In 2002 my wife and I spent eight weeks travelling South America. A planned highlight of the trip was a four day trek walking the Inca Trail to Machu Picchu, an ancient ruin set high in the mountains.

I trained for the walk, at least I thought I did but I was not prepared for the altitude. At its highness point on day 3 of the trek is Dead Woman’s Pass sitting at 4215 metres (13,828 ft) above sea level. For context Australia’s highest peak Mt Kosciusko is just 2,228 m (7,310 ft).

Not prepared for the affect a lack of oxygen has to the brain I struggled.

What made me feel worse was watching the team of local Sherpa pack up our nightly campsites after we had left, pop them on their backs, run passed us before lunch, setup and cook lunch, wait for us to leave, pack up again, run by us again and setup full camp for the night and prep our dinner.

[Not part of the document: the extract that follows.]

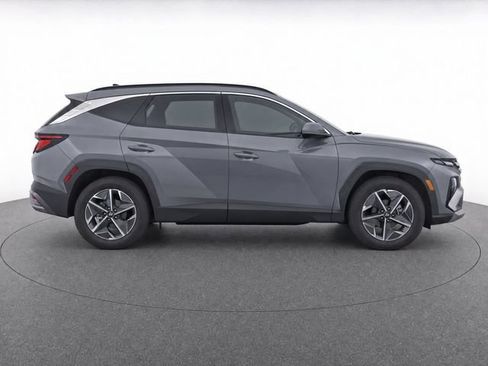 Used 2025 Hyundai Tucson SEL FWD image 2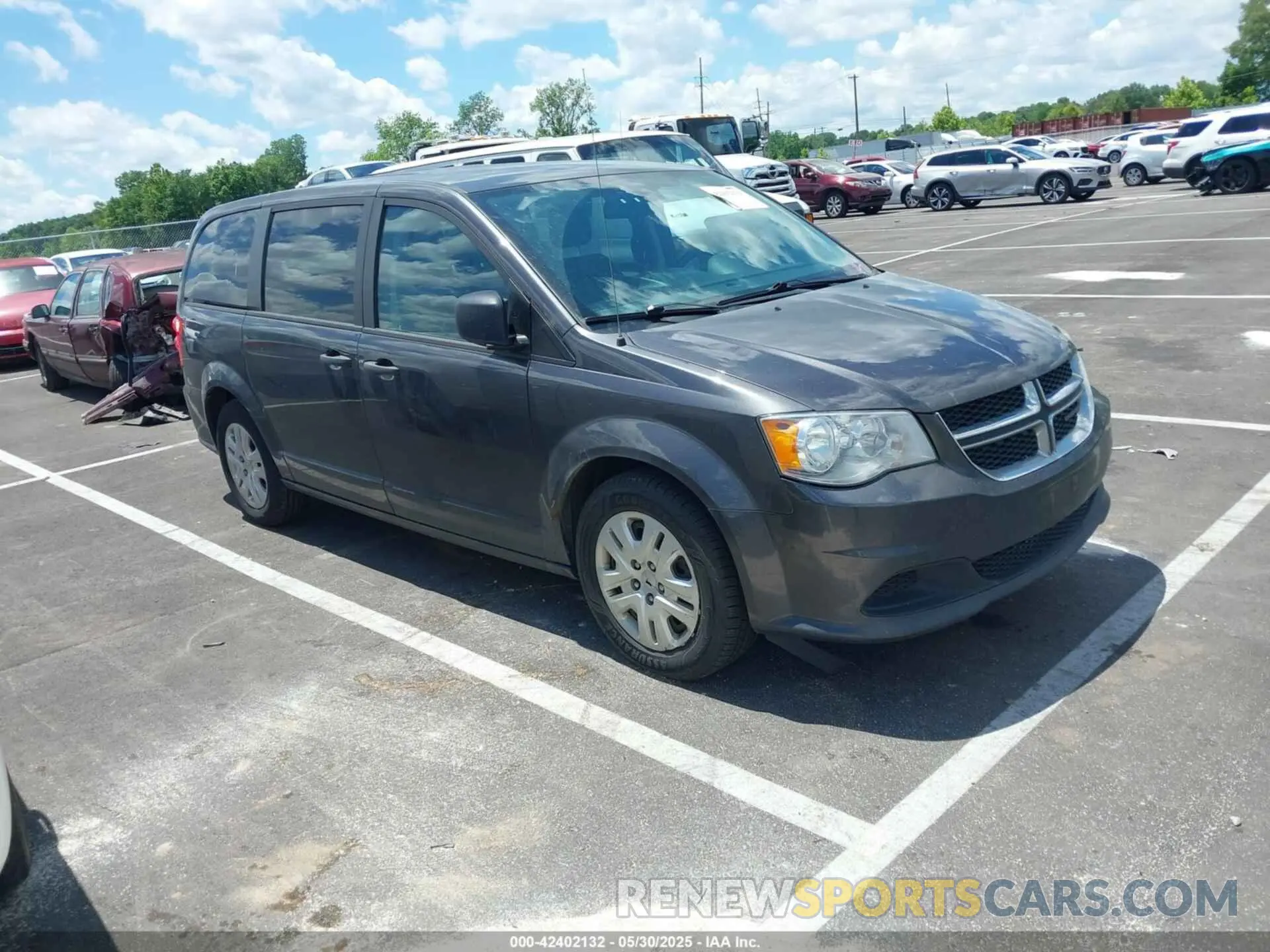 1 Photograph of a damaged car 2C4RDGBG4KR587150 DODGE GRAND CARAVAN 2019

And I am talking everything from metal chairs, gas bottles, bbq’s and tents. Heavy, old fashion kit. They would jog on ahead like it was a casual afternoon stroll in the countryside. Amazing.

Even though we were at all different fitness levels, no-one was left behind. There was a guide at the front leading the way and one at the back carrying an oxygen bottle for anyone who needed it. We were a team and everyone was going to make it to the destination.

Take a look around you (including yourself) Is your team struggling up the hill, coasting up the front, or lagging behind bent over vomiting?

Each member might be at different fitness levels but as a team you must work together and adapt.

Know when to lead, when to rest and when to provide oxygen.